= Input data =
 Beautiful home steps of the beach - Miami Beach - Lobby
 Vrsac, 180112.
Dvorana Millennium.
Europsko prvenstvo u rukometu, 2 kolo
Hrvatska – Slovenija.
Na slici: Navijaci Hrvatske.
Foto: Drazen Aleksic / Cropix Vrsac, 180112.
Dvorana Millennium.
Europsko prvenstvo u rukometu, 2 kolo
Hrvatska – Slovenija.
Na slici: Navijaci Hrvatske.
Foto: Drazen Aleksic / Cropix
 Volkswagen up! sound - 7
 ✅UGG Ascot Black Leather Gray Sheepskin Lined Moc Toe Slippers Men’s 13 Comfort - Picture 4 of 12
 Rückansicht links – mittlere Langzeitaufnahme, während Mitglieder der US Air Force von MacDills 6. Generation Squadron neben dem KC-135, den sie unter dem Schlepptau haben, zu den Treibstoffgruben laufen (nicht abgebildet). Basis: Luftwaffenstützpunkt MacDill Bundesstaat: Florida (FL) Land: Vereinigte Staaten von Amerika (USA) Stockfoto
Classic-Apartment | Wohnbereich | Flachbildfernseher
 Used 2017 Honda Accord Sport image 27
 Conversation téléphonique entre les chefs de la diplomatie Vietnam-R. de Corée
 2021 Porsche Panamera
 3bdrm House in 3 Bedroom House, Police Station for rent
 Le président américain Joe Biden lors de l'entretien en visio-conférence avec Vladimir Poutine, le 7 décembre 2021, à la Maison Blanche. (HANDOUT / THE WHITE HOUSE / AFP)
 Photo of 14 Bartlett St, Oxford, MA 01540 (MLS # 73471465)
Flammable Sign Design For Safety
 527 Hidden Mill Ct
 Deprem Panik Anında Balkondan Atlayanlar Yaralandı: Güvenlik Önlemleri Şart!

= Exercise brief =
What are the lines of the data above that include the string "Drazen"? Copy them.

= Exercise response =
Foto: Drazen Aleksic / Cropix Vrsac, 180112.
Foto: Drazen Aleksic / Cropix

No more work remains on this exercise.